### WHAT YOU ARE ASKED TO DO
Restate word for word the lines of the material below, from the line with "Portrait d'hiver de" to the line with "Eine Teilnehmerin einer", both lines included, and no others.

### INFORMATION SUPPLIED
+ + + + +

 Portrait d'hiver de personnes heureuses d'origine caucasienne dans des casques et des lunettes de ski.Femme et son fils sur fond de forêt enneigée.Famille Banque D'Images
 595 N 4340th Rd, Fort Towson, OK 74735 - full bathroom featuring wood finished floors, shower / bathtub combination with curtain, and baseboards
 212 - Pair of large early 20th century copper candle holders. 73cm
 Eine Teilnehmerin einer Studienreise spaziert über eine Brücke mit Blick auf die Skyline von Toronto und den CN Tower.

+ + + + +

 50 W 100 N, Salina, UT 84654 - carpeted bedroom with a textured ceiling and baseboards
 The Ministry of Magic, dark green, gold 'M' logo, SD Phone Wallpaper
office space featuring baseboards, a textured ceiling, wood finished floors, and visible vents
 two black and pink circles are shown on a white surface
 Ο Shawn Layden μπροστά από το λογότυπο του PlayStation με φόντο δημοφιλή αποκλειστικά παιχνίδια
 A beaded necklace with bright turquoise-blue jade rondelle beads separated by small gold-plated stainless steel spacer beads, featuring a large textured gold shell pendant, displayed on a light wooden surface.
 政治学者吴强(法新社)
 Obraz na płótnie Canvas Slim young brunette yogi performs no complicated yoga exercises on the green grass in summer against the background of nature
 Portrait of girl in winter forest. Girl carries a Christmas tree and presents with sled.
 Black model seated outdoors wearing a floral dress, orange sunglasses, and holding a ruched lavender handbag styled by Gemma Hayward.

+ + + + +

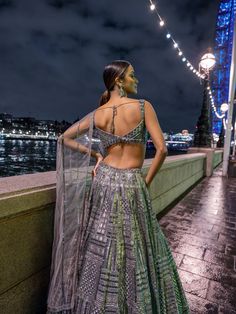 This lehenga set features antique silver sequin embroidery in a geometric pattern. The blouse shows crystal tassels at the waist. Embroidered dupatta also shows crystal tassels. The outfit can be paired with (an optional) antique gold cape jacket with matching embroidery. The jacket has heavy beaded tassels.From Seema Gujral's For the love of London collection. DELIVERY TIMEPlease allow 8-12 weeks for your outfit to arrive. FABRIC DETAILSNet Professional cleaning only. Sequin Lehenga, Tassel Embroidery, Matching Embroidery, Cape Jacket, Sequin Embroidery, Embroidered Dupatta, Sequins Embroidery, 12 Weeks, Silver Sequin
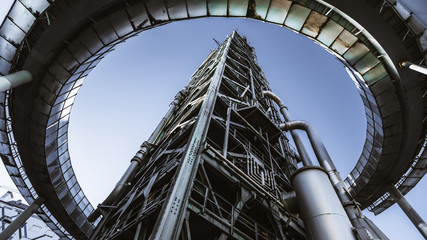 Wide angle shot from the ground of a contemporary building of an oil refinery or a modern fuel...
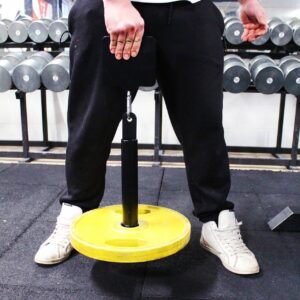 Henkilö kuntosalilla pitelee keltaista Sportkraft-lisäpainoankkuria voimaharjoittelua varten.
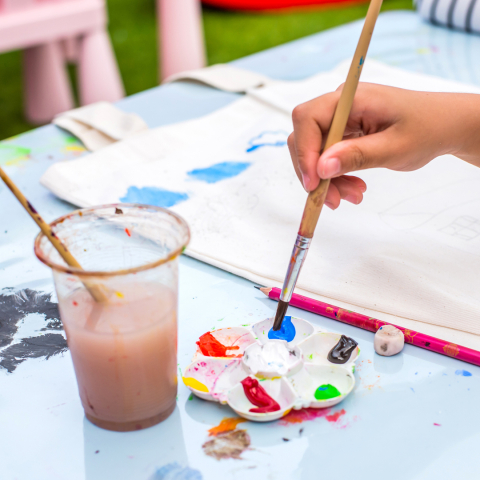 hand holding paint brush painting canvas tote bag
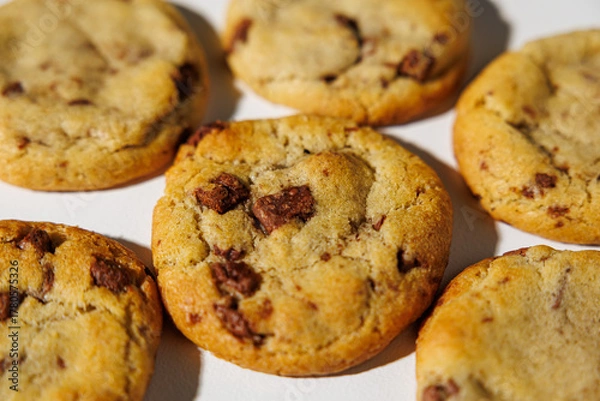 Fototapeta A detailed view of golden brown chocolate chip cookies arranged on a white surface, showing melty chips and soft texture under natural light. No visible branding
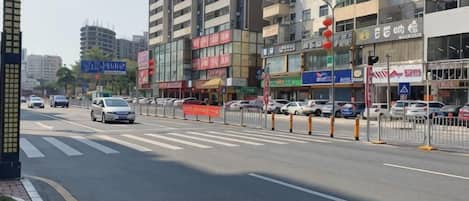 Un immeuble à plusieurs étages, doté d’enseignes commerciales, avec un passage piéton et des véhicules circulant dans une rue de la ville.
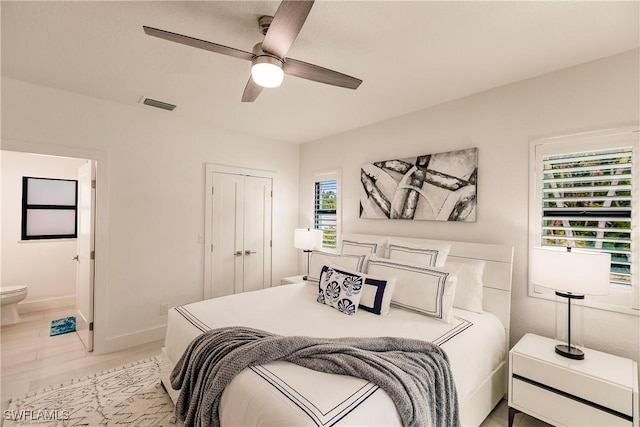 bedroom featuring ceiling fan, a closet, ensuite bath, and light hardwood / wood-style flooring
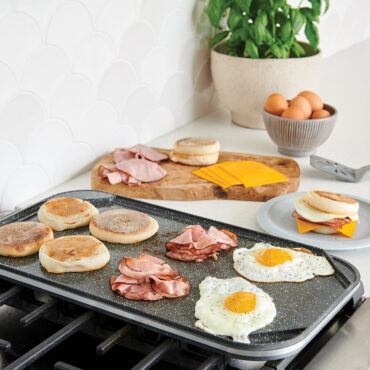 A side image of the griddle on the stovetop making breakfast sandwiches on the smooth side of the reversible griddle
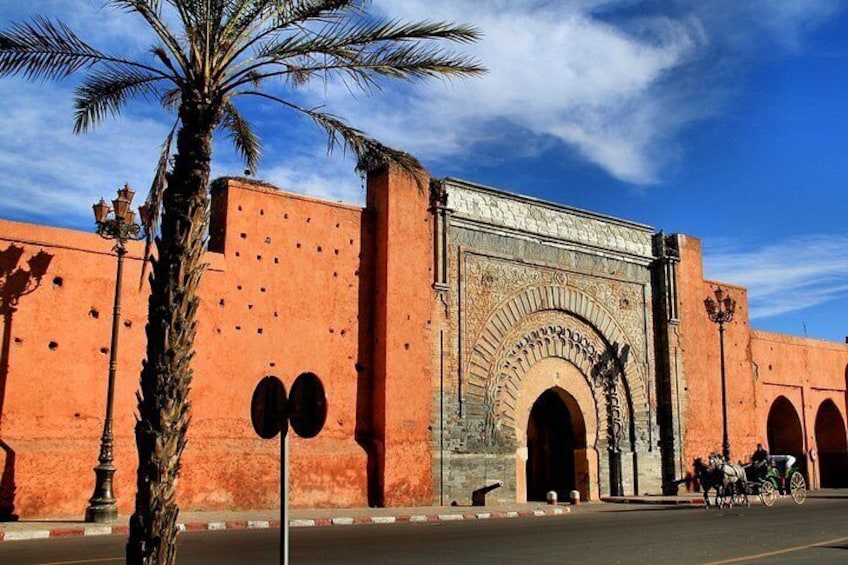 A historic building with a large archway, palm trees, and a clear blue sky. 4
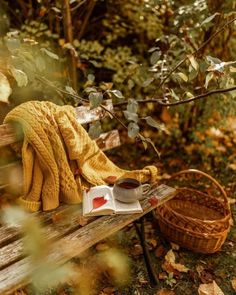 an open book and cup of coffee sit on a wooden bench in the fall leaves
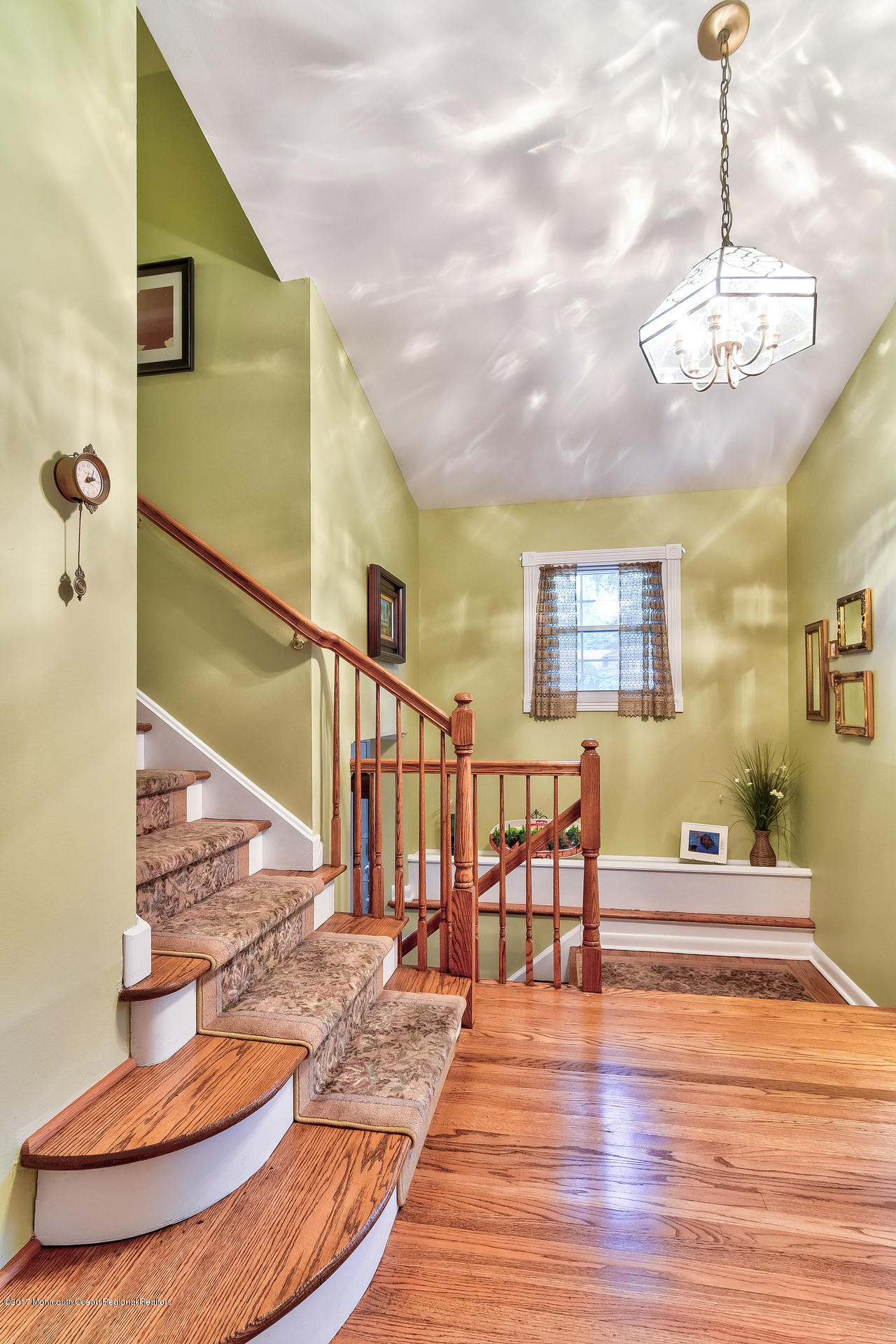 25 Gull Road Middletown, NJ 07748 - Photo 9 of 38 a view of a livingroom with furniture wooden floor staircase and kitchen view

+ + + + +

### ANSWER BOX
 Portrait d'hiver de personnes heureuses d'origine caucasienne dans des casques et des lunettes de ski.Femme et son fils sur fond de forêt enneigée.Famille Banque D'Images
 595 N 4340th Rd, Fort Towson, OK 74735 - full bathroom featuring wood finished floors, shower / bathtub combination with curtain, and baseboards
 212 - Pair of large early 20th century copper candle holders. 73cm
 Eine Teilnehmerin einer Studienreise spaziert über eine Brücke mit Blick auf die Skyline von Toronto und den CN Tower.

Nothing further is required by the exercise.